Kampanye negatif sering disamakan dengan kampanye hitam. Padahal kampanye hitam jelas berbeda dengan kampanye negatif.
Kampanye hitam bersandar pada pesan negatif yang tidak memiliki sumber data yang bisa dipertanggungjawabkan, menjatuhkan lawan tanpa fakta, bukti valid atau disebut fitnah atau berita bohong.
Sedangkan kampanye negatif merujuk pada informasi mengenai kelemahan lawan, yang berdasarkan fakta, yang bisa dikonfirmasi dan dipertanggung jawabkan.
Pemahaman yang salah tentang kampanye negatif, sehingga tidak mengherankan banyak politisi yang terlibat kasus kampanye negatif terpilih kembali menjadi pemimpin politik.
Bias definisi mengartikan kampanye negatif membuat kampanye negatif disalah pahami. Hal ini semakin kompleks karena perbedaan definisi tidak hanya terjadi pada lapisan pemilih saja, tetapi juga pada pemangku jabatan.
Seperti pendapat mantan komisioner KPU Ilham Saputra yang mengatakan kampanye negatif tidak sesuai aturan (cnnindonesia.com).
Bahkan ketua Badan Pengawas Pemilu juga ikut salah kaprah atas definisi kampanye negatif sehingga mengeluarkan pernyataan, penyebar kampanye negatif dapat dijerat pidana (cnnindonesia.com).

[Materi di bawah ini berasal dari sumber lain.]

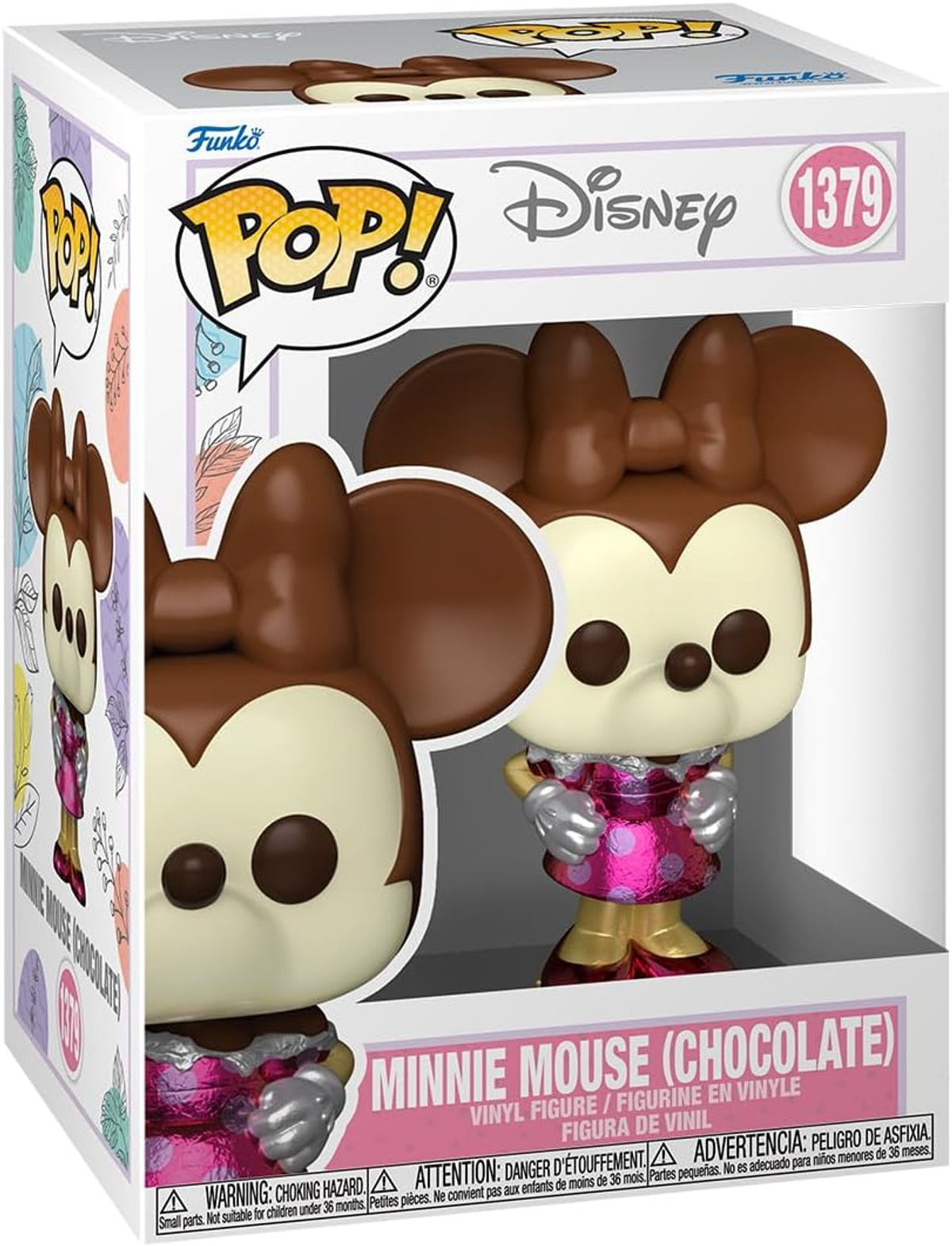 Una statuetta Funko Pop di Minnie Mouse a tema cioccolato nella sua scatola.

Meski banyak pendapat akademisi, bahkan pernyataan Menteri Mahfud MD yang memperbolehkan kampanye negatif, namun masih ada penyelenggara (KPU dan Bawaslu) yang memiliki pandangan keliru seperti di atas, membuat kampanye negatif belum menjadi saluran kampanye secara masif.
Kampanye negatif merupakan kegiatan menyebarkan pesan-pesan negatif kepada khalayak terkait informasi tentang lawan yang didasarkan pada fakta dan data.
Serangan informasi lawan dalam kampanye negatif terkait dengan aspek ketidakmampuan lawan. Sisi kelemahan lawan dan rekam jejak lawan yang dianggap tidak baik, seperti aneka skandal, masalah pilihan kebijakan dan masalah pribadi kandidat termasuk aspek religius.
Semua sisi ini harus diketahui pemilih, agar pemilih memiliki pembendaharaan informasi yang cukup tentang kandidat sebelum menentukan pilihannya di bilik suara.
Dalam demokrasi, kampanye negatif adalah stimulan untuk menghadirkan keseimbangan informasi. Saling kritik terhadap kebijakan maupun kemampuan personal masing-masing kandidat ataupun parpol dapat merangsang tumbuhnya rasionalitas pemilih.